In winter 1985-86, she participated in the International March for Peace in Central America, successfully avoiding the attention of the Contras in Nicaragua. She also spent July 1986 with Peace Brigades International as a shield for indigenous human rights advocates in Guatemala.
Like other US citizens, Arrigo became aware of the CIA’s complicity in the torture of dissidents, labor organizers, and others considered threats to US-backed Latin American governments and dictators.
“When I heard about my country indirectly torturing people—we were supporting the death squads and all that—it really hit something in me,” she said.
A Big Deal
At a conference of the International Society of Traumatic Stress Studies, Arrigo heard prominent social psychologist and Holocaust survivor Ervin Staub speak about the social conditions, culture, psychology, and other elements that lead to genocide and mass killings, as well as bystander behavior and passivity in the face of such violence.
Applied Social Psychology, a textbook written by then-CGU Professor Stuart Oskamp (currently professor emeritus), also opened her eyes. Oskamp would later serve as a co-chair for Arrigo’s dissertation.
At CGU, she specialized in ecological psychology under Alan Wicker, enjoyed advanced statistics courses with Dale Berger (who retired in fall 2015), studied philosophy of science with Joel Smith and Alfred Louch, published two papers with cognitive psychologist Kathy Pezdek, and gravitated to moral philosopher Charles Young as her other dissertation co-chair.

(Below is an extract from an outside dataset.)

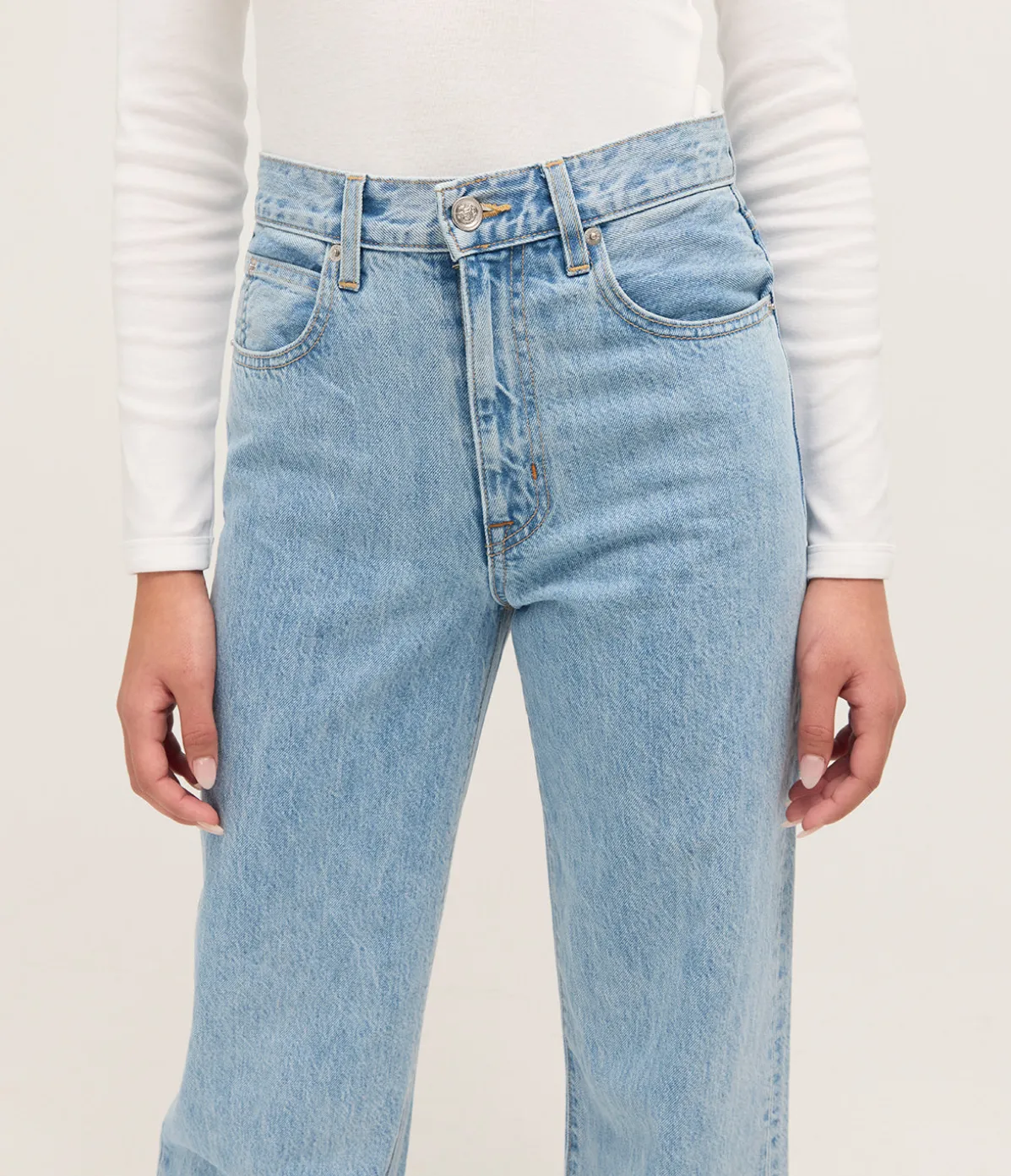 Grace High Rise Wide Leg Jean In Powder Blue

Arrigo’s master’s thesis was a content analysis of author bias in the presentation of multiple personality in 84 introductory college psychology textbooks. Her doctoral dissertation (“Sins and Salvations in Clandestine Scientific Research: A Social Psychological and Epistemological Inquiry”) and subsequent writings investigated the relationship between epistemology and ethics of military and political intelligence, through the eyes of intelligence professionals.
“I didn’t know what to do,” Arrigo said. “I just started studying psychology, figuring that something would turn up.”
She began interviewing intelligence professionals and weapons developers about their moral concerns, and later collaborated with musician John Crigler (her husband) to create theater performances based on their oral histories. Arrigo brought together psychologists, ethicists, and intelligence professionals for various projects, including the 2000 CGU Pilot Workshop on the Ethics of Political and Military Intelligence for Insiders and Outsiders.
She established two archival collections, the Oral History Series on Ethics of Intelligence and Weapons Development at the University of California, Berkeley, in 2004, and the Intelligence Ethics Collection at Stanford University the following year.
In 2005, Arrigo was invited to serve on the APA’s Presidential Task Force on Psychological Ethics and National Security (PENS).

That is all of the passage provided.